A f(A a) { return a; }

struct B : A {
    std::string s2;
    int n;
    // implicit move assignment operator B& B::operator=(B&&)
    // calls A's move assignment operator
    // calls s2's move assignment operator
    // and makes a bitwise copy of n
};

struct C : B {
    ~C() {}; // destructor prevents implicit move assignment
};

struct D : B {
    D() {}
    ~D() {}; // destructor would prevent implicit move assignment
    //D& operator=(D&&) = default; // force a move assignment anyway 
};

int main()
{
    A a1, a2;
    std::cout << "Trying to move-assign A from rvalue temporary\n";
    a1 = f(A()); // move-assignment from rvalue temporary
    std::cout << "Trying to move-assign A from xvalue\n";
    a2 = std::move(a1); // move-assignment from xvalue

    std::cout << "Trying to move-assign B\n";
    B b1, b2;
    std::cout << "Before move, b1.s = \"" << b1.s << "\"\n";
    b2 = std::move(b1); // calls implicit move assignment
    std::cout << "After move, b1.s = \"" << b1.s << "\"\n";

    std::cout << "Trying to move-assign C\n";
    C c1, c2;
    c2 = std::move(c1); // calls the copy assignment operator

    std::cout << "Trying to move-assign D\n";
    D d1, d2;
//  d2 = std::move(d1);
}

While executing a2 = std::move(a1) statement, the behaviour is different from executing the statement b2 = std::move(b1) . In the below statement the b1.s is not becoming empty after the move operation while a1.s is becoming empty after move operation.

Can anyone tell what exactly is happening there?

Answer 1

One of the great (and constant) misconceptions about C++11 and rvalue references is that std::move does something to an object (or something on that order).

It doesn't. std::move really just casts its parameter to rvalue reference type and returns that.
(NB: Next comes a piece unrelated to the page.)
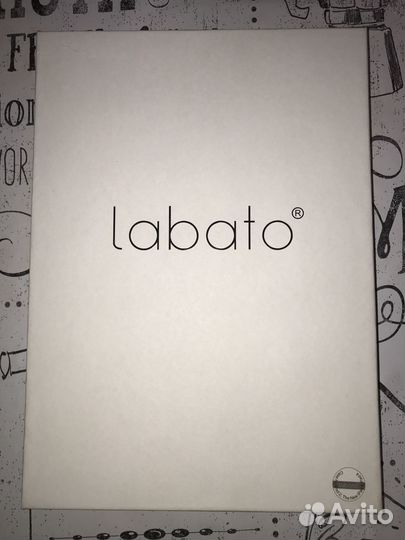 Чехол для iPad 2.The New iPad&iPad 4 labato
Anything done to the object happens in the move constructor, move assignment operator (etc.) based on the fact that the version that takes an rvalue reference is invoked (instead of one taking a value or lvalue reference).

As far as the specific question you asked goes, at least based on the comments in your code, you seem to have some misunderstandings. The comment on a2=std::move(a1); says you're doing a "move assignment from an xvalue". That's...misleading at best. An xvalue is a value that's going to eXpire immediately. It's pretty much for the return value from a function:

Foo &&bar() { 
    Foo f;
    // ...
    return f;
}

In this case, bar() is an xvalue because bar returns an rvalue reference to an object that expires (goes out of scope) as function finishes execution.

As far as the specific question you asked goes, I suspect it mostly comes down to a question of whether (and if so, exactly how) your standard library implements the move constructor for std::string . Just for example, when using g++ (4.9.1) I get the same result you do-- b1.s contains test both before and after being used as the source of a move. On the other hand, if I use MS VC++ 14 CTP, I get b1.s="test" before the move and b1.s="" after the move. Although I haven't tested it, I'd expect results with Clang to be the same. In short, it looks like gcc's standard library doesn't really implement move assignment/construction for std::string (yet--at least as of v 4.9--I haven't looked at 5.0 yet).

Answer 2

Usually move assignment is implemented as a swap on std::string , so why should the string become empty since it's always initialized with "test" ?

Where do you see that a1.s is becoming empty since there is no print of it?

I don't see any strange behavior here . Both are treated in the same way.